## 🧪 Exercise 2: Evaluating NL2SQL Model with Rule-Based Metrics

In this section, we will evaluate the performance of our NL2SQL model using **rule-based metrics** provided by the **NL2SQL360** library (developed by Dial Lab at HKUST).  
We will focus on the following two metrics:

---

### ✅ Metric 1: Execution Accuracy (EX)

| Metric               | Evaluation Target                                           | Requires DB Execution? | Notes                                                                 |
|----------------------|-------------------------------------------------------------|-------------------------|-----------------------------------------------------------------------|
| **Execution Accuracy (EX)** | Compares the execution result of predicted SQL with the ground-truth | ✅ Yes                  | Strict semantic measure. Different SQLs are allowed if results match. |

---

### ✅ Metric 2: Valid Efficiency Score (VES)

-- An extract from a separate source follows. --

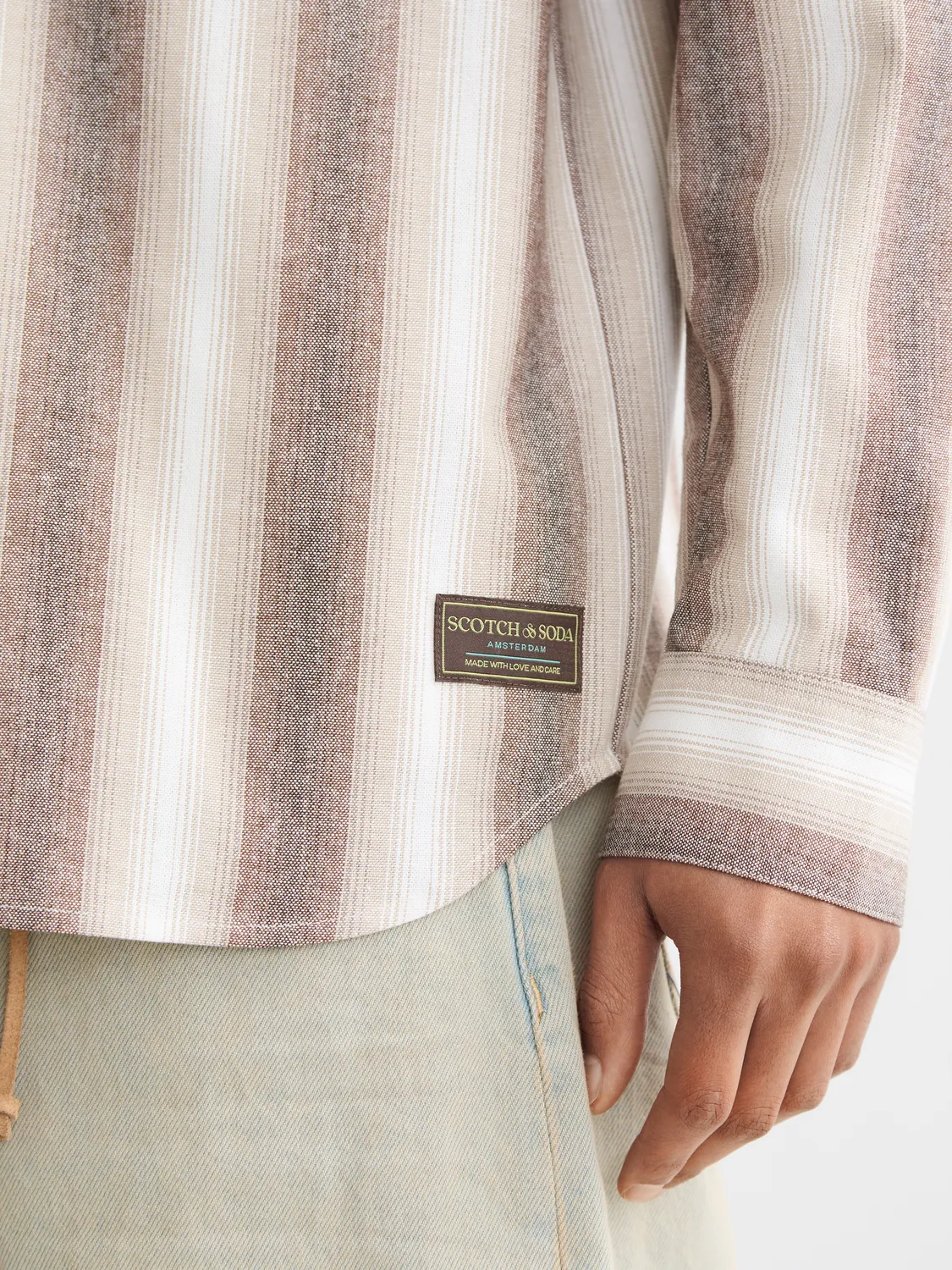 Shadow-striped cotton shirt sold by Scotch & Soda product image thumbnail 5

| Metric               | Evaluation Target                                           | Requires DB Execution? | Notes                                                                 |
|----------------------|-------------------------------------------------------------|-------------------------|-----------------------------------------------------------------------|
| **Valid Efficiency Score (VES)** | Measures execution efficiency relative to ground-truth SQL | ✅ Yes                  | Combines execution correctness with runtime/memory efficiency.        |

- `VES = EX × EfficiencyRatio`
- VES penalizes correct SQLs that are inefficient compared to the reference.

---

These metrics help us go beyond syntax and evaluate whether the predicted SQL is **semantically accurate and computationally efficient**.


In [2]:
# ================================================================
# WARNING: DO NOT INSTALL nl2sql360 VIA pip
# ---------------------------------------------------------------
# This project uses a **locally customized version** of NL2SQL360
# located at: ../nl2sql360/src
#
# Why?
# - Fixed minor bugs in the original implementation
# - Added internal debugging and logging features
# - Integrated with our custom evaluation pipeline and prompt structure
#
# ✔️ No need to install the library via pip
# ✔️ This will automatically load the local version
# ================================================================

import sys
import importlib

# Add local path with customized NL2SQL360 implementation
sys.path.insert(0, '../nl2sql360/src')

# Import and reload to reflect any recent changes
import nl2sql360
importlib.reload(nl2sql360)

# Confirm that the local path is used (not global site-packages)
print(nl2sql360.__file__)  # Should point to ../nl2sql360/src/nl2sql360/__init__.py


/home/azureuser/workspace/nl2sql-samsung-finanical/evaluation/../nl2sql360/src/nl2sql360/__init__.py


## Step 1: Import Dataset

Before evaluating the NL2SQL model, you must import a properly structured dataset into the NL2SQL360 pipeline.  
We use Core.import_dataset() with DatasetArguments to register the dataset.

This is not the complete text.